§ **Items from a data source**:
*** Block opens ***

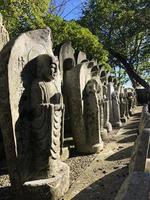 muchos budista estatuas en hase-dera templo en kamakura, Japón foto
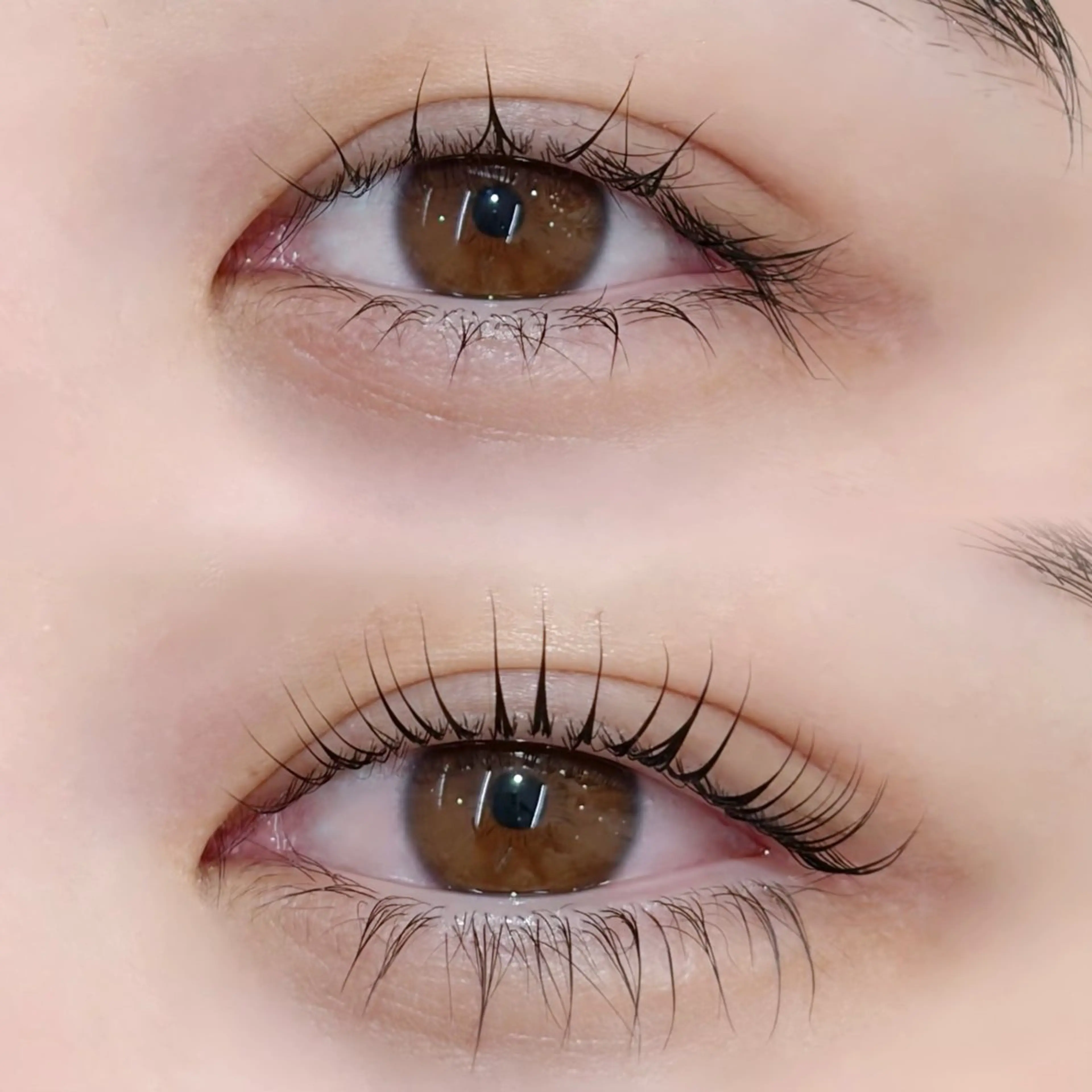 マツエク・マツパ fumina ‎🐇🤍のマツエク・マツパデザイン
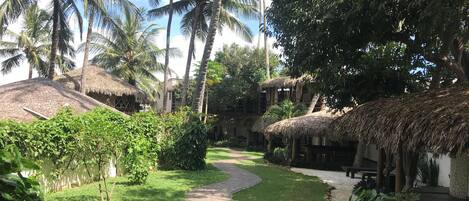 A pathway leading through a lush garden with palm trees and thatched-roof structures.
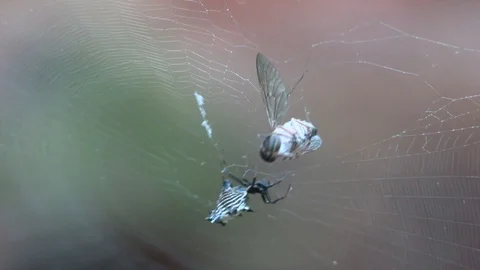 Small spider eating a large fly in web Stock Footage 114582173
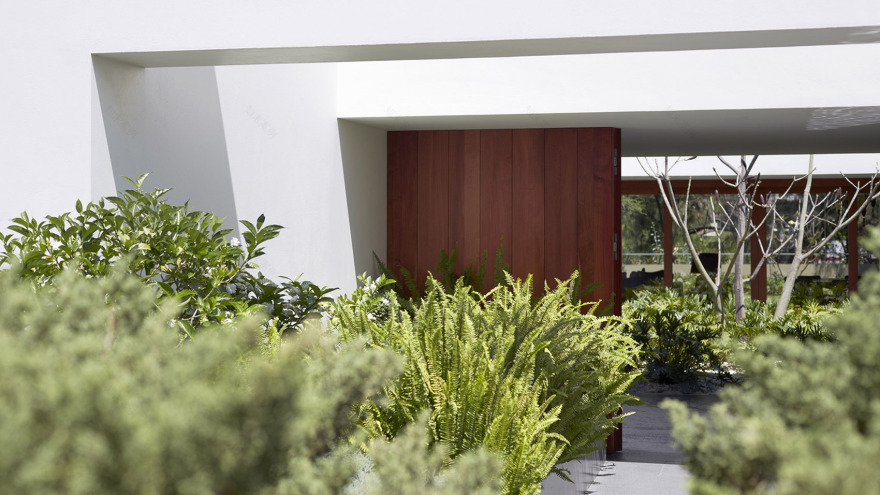 LL328住宅,墨西哥 / CDM-8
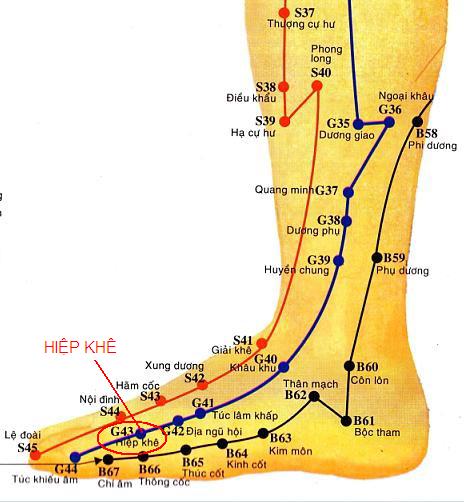 Huyệt Hiệp Khê - Y CỔ TRUYỀN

*** Block closes ***

§ **Your assignment**: Exactly as written, restate the lines above from the opening line through the one holding "LL328住宅,墨西哥 / CDM-8", omitting the pictures.

§ **Answer box**:
 muchos budista estatuas en hase-dera templo en kamakura, Japón foto
 マツエク・マツパ fumina ‎🐇🤍のマツエク・マツパデザイン
 A pathway leading through a lush garden with palm trees and thatched-roof structures.
 Small spider eating a large fly in web Stock Footage 114582173
 LL328住宅,墨西哥 / CDM-8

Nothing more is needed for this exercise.